● **Aim of the exercise**: Skip every picture. Print each line from the one containing "Westwood 5 Piece" through the end of the records below, word for word.

● **Short descriptive text snippets**:
※ ※ ※
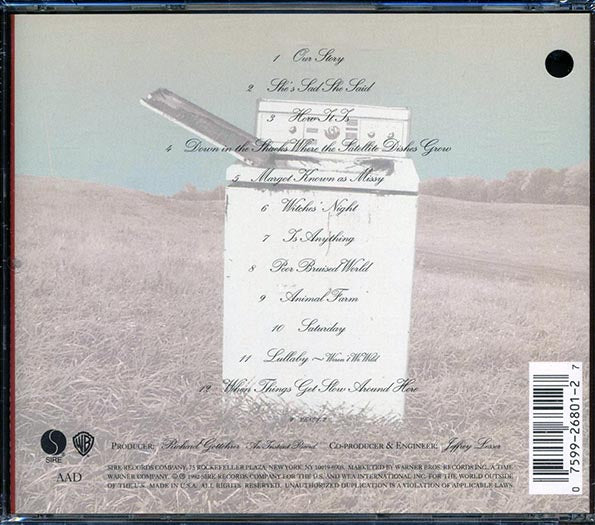 Judybats - Down In The Shacks Where The Satellite Dishes Grow (CD)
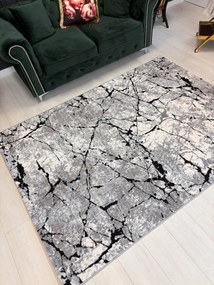 Toscana 4695 Black (Fekete) 120x170 cm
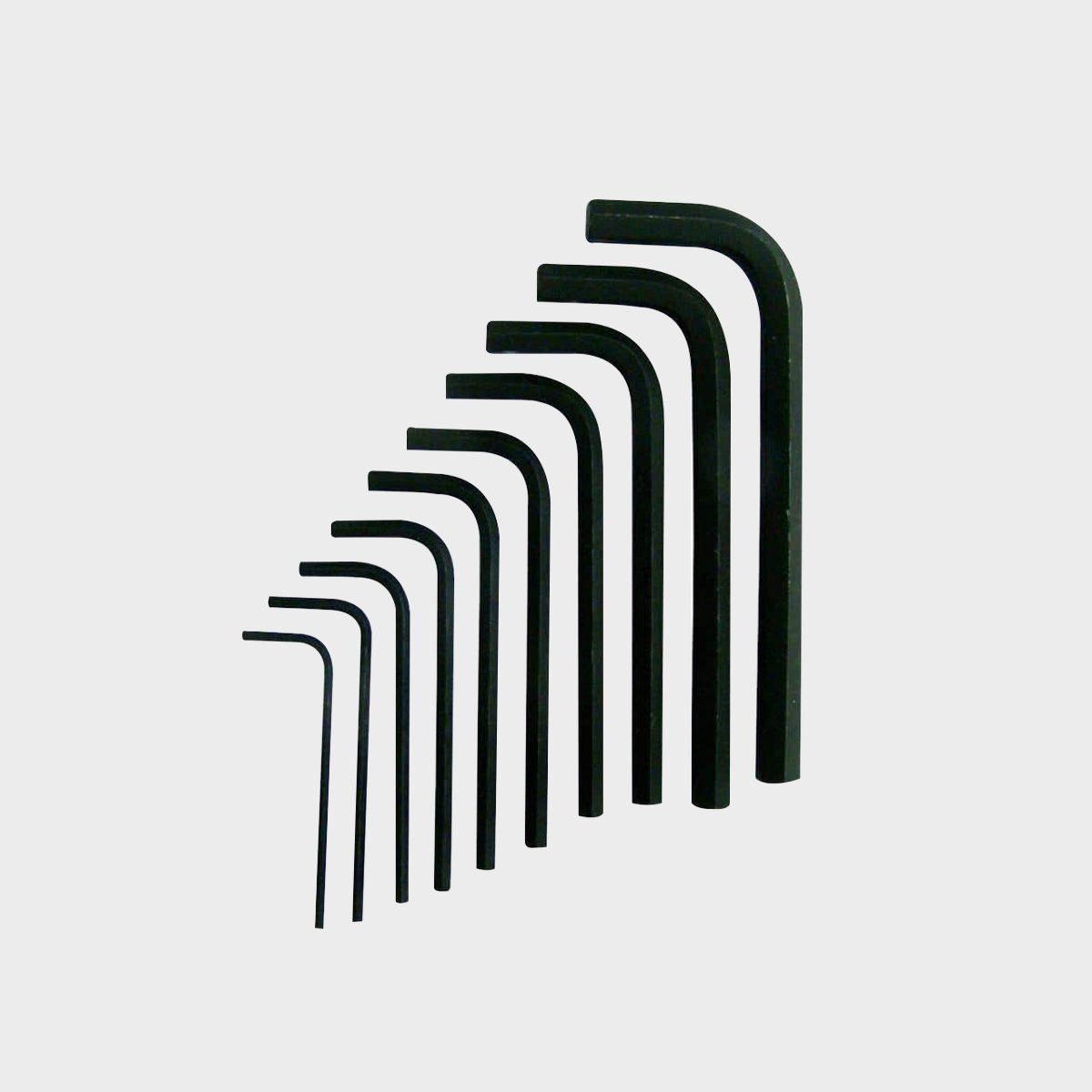 Husky Sae Short Arm Hex Key Set Ecomm Homedepot.com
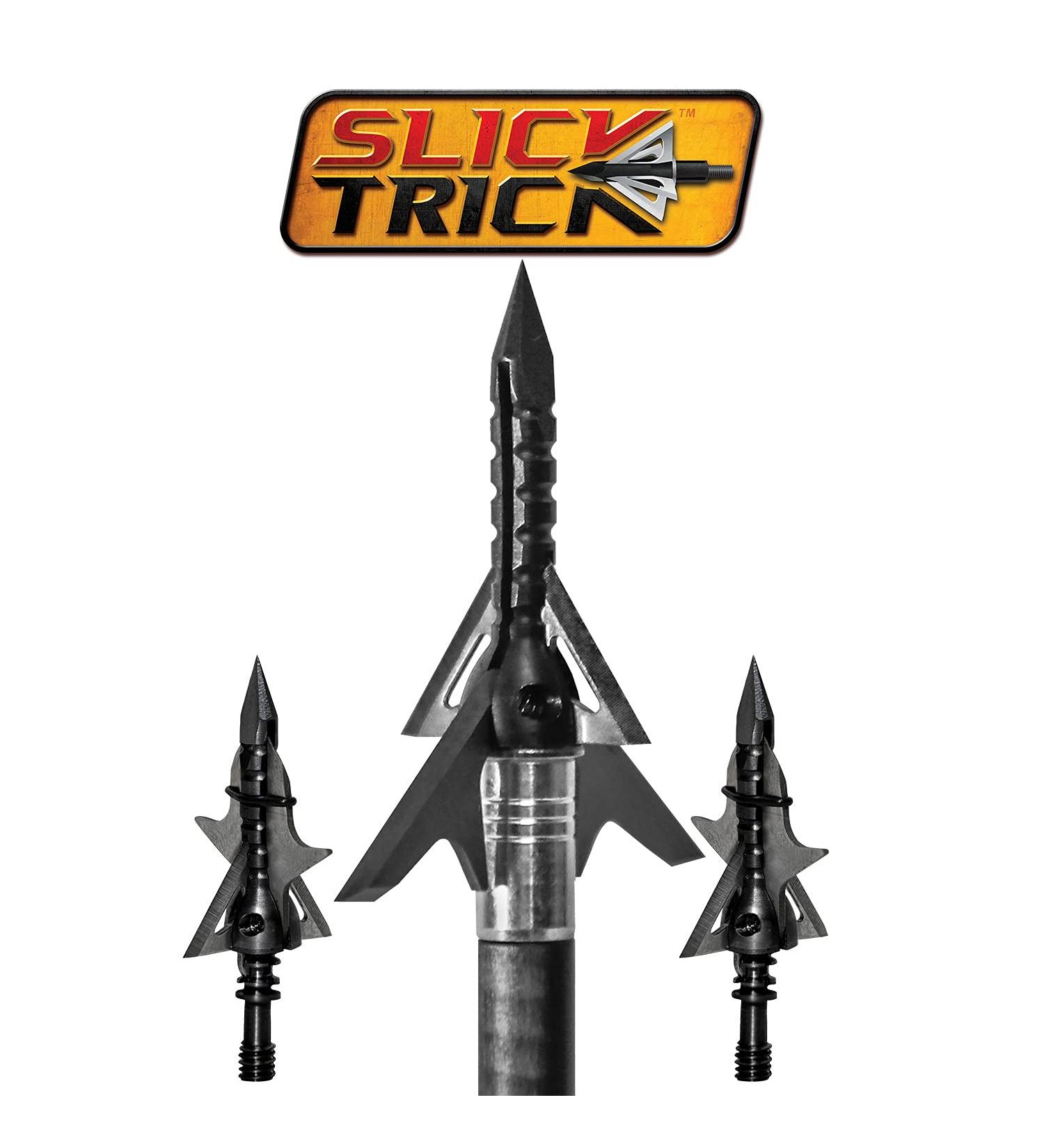 Slick Trick Assailant Hybrid Mechanical Broadhead - Ultimate Precision and Devastating Power - Buy Online on GoSupps.com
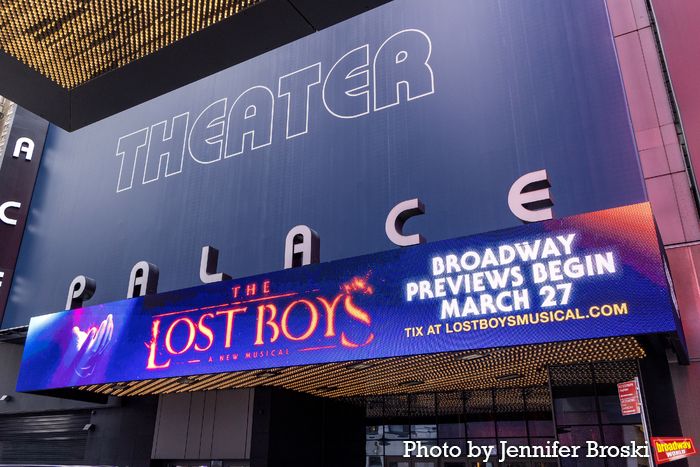 Up on the Marquee: THE LOST BOYS Image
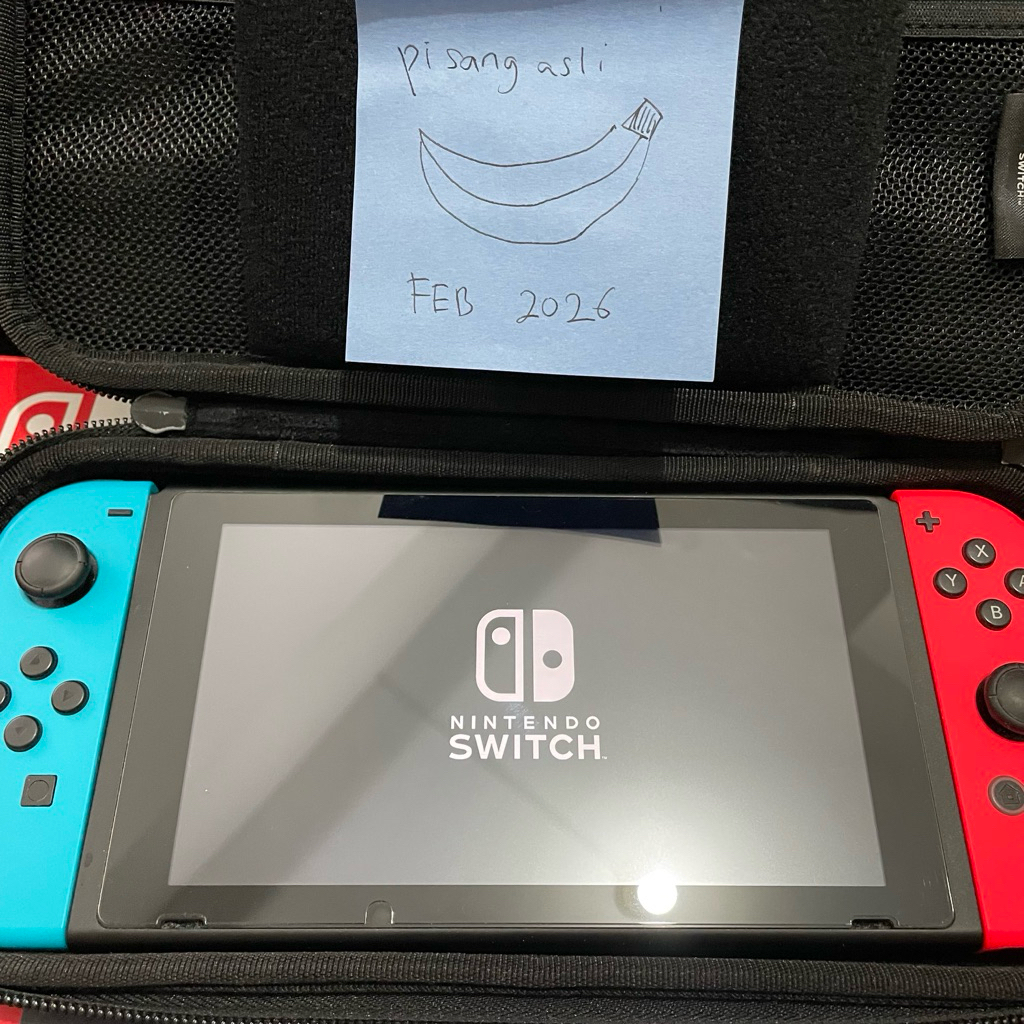 Nintendo Switch 1 V2 LCD Second OFW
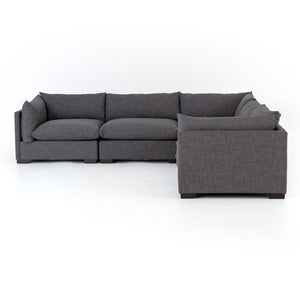 Westwood 5 Piece Sectional - Bennett Charcoal
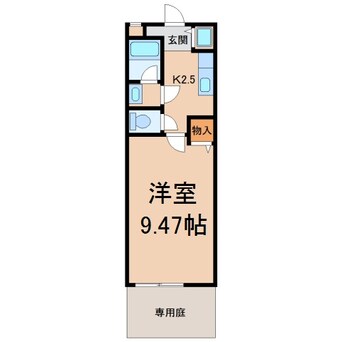 間取図 フジパレス小松原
※ ※ ※
● **Exercise response**:
 Westwood 5 Piece Sectional - Bennett Charcoal
 間取図 フジパレス小松原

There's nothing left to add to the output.